■ WORK ITEM
The lines to retype run from the one containing "X0000112090801200909011103" through the end of the listing below. Reproduce them exactly, leaving out pictures.

■ RECORDED INFORMATION
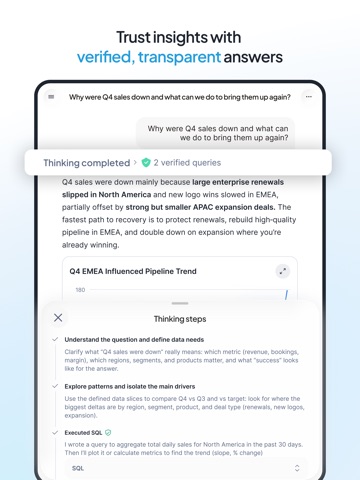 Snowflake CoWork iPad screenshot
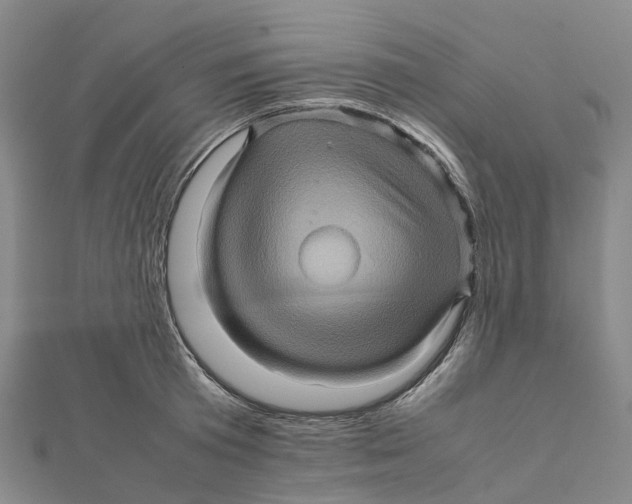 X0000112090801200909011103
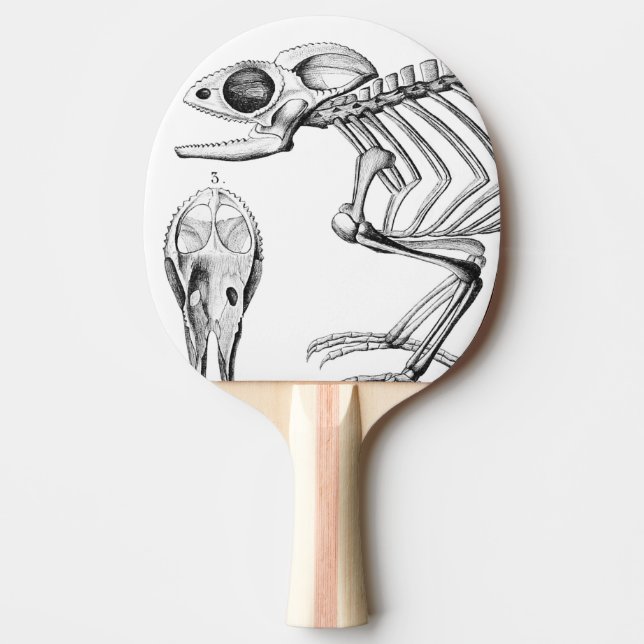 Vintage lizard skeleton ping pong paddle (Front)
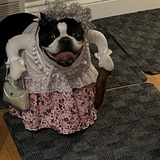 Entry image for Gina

■ REPLY TO THE EXERCISE
 X0000112090801200909011103
 Vintage lizard skeleton ping pong paddle (Front)
 Entry image for Gina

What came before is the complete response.